Channel Four Television reiterated that Google branding appeared at the end of the ad, which they believed clarified that this was an ad and not part of the programme. They believed that these measures in the context of such a well-established show meant that viewers would be able to differentiate between the ad and the editorial of the programme. They believed that there had been an increase in the media literacy of audiences in recent years which further allowed them to distinguish advertising from editorial content, particularly when that advertising content appeared in commercial airtime.
Clearcast said they had considered that it was necessary to include the superimposed text stating “#ad” for the entire duration of ad (a). They reiterated the text passed all minimum standards for height and legibility, and clearly marked out that this was an ad rather than a segment of the TV show. They said the ad featured Google Lens and Google Translate much more prominently than would be the case if it were an episode of Taskmaster, and highlighted that the ad ended with a Google logo. They believed that those features ensured that it was clearly branded as an ad throughout, and so no matter at what stage a viewer tuned in they would quickly understand this.

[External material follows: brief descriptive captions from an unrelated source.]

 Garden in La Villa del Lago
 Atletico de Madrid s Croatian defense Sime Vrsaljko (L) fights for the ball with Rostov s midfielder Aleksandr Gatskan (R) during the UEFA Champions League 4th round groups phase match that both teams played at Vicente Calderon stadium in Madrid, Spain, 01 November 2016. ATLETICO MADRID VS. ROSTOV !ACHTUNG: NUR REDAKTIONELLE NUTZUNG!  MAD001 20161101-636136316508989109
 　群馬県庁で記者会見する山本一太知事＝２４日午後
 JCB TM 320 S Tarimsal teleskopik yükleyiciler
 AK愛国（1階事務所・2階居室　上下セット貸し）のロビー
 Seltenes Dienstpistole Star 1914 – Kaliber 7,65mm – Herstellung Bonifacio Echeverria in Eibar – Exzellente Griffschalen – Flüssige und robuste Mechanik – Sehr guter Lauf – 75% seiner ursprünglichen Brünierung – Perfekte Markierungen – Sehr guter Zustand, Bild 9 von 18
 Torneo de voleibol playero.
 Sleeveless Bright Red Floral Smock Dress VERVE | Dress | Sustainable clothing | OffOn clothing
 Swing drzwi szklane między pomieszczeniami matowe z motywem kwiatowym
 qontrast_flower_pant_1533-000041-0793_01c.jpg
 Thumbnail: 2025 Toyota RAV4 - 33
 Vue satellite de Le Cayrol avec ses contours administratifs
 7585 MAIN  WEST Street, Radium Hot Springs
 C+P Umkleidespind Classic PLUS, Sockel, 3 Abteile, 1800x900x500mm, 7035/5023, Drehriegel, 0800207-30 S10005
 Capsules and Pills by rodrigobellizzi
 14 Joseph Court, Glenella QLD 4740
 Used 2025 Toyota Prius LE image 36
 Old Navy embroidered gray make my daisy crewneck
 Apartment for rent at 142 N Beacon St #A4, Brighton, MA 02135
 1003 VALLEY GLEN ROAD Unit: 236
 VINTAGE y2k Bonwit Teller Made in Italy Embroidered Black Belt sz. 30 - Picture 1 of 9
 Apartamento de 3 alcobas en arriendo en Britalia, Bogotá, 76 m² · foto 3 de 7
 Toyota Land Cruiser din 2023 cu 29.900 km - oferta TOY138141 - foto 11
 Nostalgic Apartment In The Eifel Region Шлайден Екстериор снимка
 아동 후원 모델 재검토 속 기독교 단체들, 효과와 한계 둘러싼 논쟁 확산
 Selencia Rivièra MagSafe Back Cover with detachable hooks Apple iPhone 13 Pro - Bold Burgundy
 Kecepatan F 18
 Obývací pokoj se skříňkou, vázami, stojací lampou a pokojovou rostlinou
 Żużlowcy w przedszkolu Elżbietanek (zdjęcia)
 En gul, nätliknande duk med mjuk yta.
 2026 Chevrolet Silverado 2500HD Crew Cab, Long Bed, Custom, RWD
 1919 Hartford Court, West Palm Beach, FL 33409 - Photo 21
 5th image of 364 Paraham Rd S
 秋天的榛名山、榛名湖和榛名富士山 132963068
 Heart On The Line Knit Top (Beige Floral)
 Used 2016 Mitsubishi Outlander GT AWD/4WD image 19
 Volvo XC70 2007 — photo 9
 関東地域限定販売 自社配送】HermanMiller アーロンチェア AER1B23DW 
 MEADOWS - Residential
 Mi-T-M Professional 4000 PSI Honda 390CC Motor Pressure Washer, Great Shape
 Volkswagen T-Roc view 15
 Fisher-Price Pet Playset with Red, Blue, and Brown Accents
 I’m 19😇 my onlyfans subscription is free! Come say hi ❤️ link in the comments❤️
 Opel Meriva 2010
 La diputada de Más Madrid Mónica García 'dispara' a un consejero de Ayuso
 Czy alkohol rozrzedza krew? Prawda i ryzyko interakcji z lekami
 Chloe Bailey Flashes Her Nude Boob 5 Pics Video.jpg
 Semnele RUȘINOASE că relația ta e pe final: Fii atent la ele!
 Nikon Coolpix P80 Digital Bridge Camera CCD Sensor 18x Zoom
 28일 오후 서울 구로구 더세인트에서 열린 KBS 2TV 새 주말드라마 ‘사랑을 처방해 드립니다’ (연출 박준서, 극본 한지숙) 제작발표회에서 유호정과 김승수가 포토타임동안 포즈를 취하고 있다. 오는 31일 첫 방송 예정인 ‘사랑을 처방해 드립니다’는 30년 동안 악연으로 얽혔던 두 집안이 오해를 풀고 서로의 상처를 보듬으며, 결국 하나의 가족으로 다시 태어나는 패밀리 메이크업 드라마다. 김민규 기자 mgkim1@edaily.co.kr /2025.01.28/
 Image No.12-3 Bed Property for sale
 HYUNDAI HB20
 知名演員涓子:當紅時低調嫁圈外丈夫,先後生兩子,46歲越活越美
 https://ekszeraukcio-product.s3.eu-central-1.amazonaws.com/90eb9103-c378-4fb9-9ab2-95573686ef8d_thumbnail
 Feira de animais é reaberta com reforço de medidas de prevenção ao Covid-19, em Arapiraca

2. Google said the text, “#ad” was displayed on-screen for the opening three seconds of ads (b) and (c), which they said exceeded the recommended minimum of 2.2 seconds in the BCAP guidance on the Use of Superimposed Text in Television Advertising. They said the ads also opened with the Google logo clearly displayed in the front and centre of the screen and closed with an end card pointing viewers to Google's UK YouTube channel and another appearance of the Google logo. They believed this made the nature of the ad clear to viewers.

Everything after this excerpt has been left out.